Hidden dentin caries; (A) 3D OCT image; (B) cross-sectional OCT along the red line in (A) and (D). Bold arrows show cavitated caries with discontinued enamel surface and scattering beyond dentino-enamel junction (DEJ) (triangle). Blank arrow suggests strong scattering from enamel into dentin (score 3); (C) photographic presentation of occlusal enamel; (D) OCT en face intensity projection; (E) dashed circle shows suspected radiolucency beyond DEJ on the radiograph; (F) cross-section view with penetration of red dye beyond DEJ, confirming the presence of caries infected dentin (score 3). The dynamic slicing 3D video is presented in Supplementary Materials: Video 5.

Figure 6

Dentin caries: (A) gray-scale three-dimensional (3D) OCT image; (B) cross-sectional OCT image of the lesion along the red line in (A) and (D).
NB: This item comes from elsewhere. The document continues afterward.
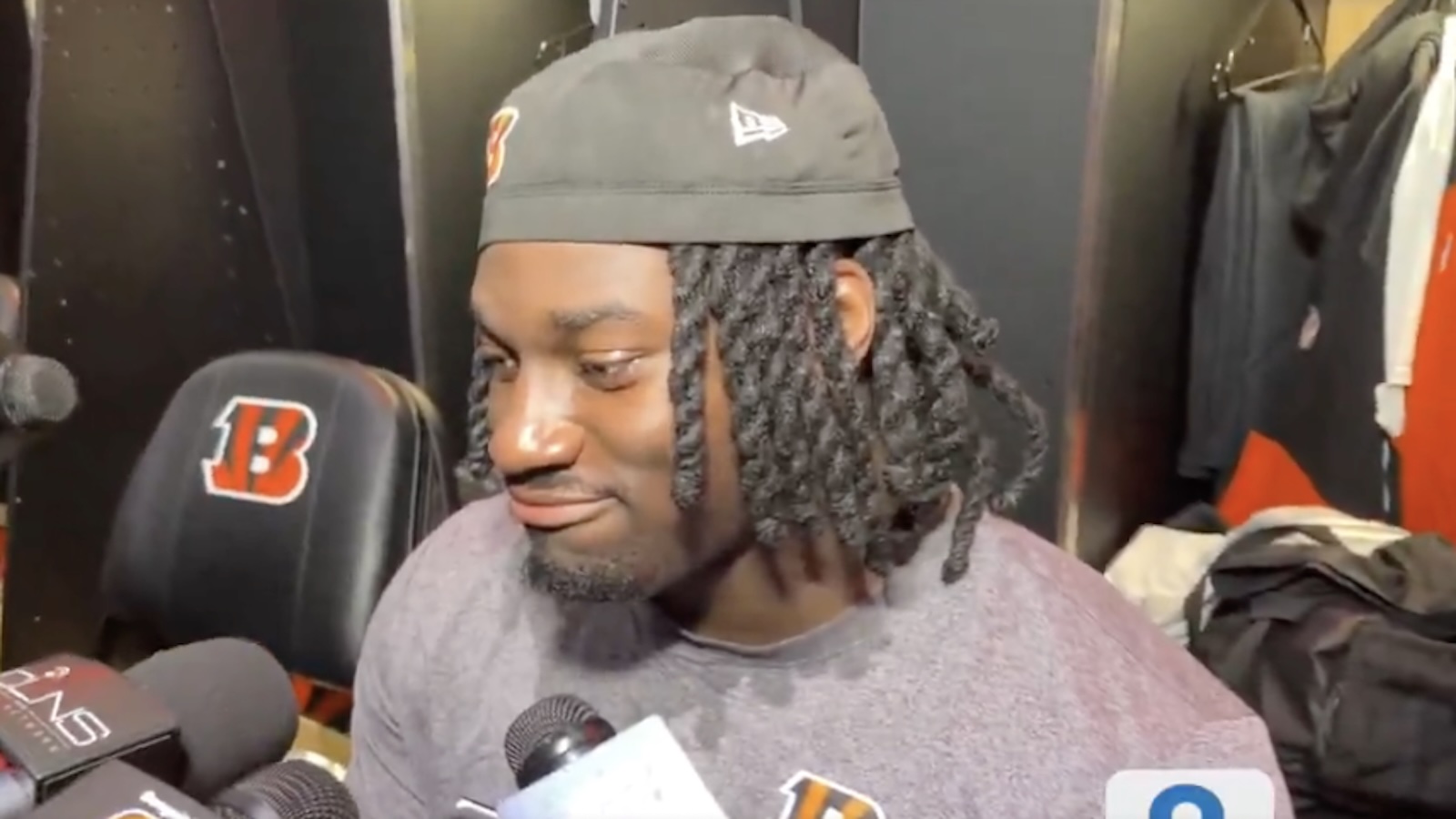 Shemar Stewart speaks with the media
A separation of DEJ (triangle) was observed at the bottom at the lesion (arrow) indicating the lateral invasion of bacteria; (C) visual score 3 with visible dentin; (D) OCT en face intensity projection; (E) radiolucent lesion at DEJ; (F) cross-section view with penetration of dark red dye one-third of dentin thickness. The dynamic slicing 3D video is presented in Supplementary Materials: Video 4.

Figure 7

The average Az value of ROC with 13 lines represented by the Az value from thirteen examiners. There was a difference between OCT and radiography in the accuracy of detection in occlusal caries in three cutoff points (p < 0.05).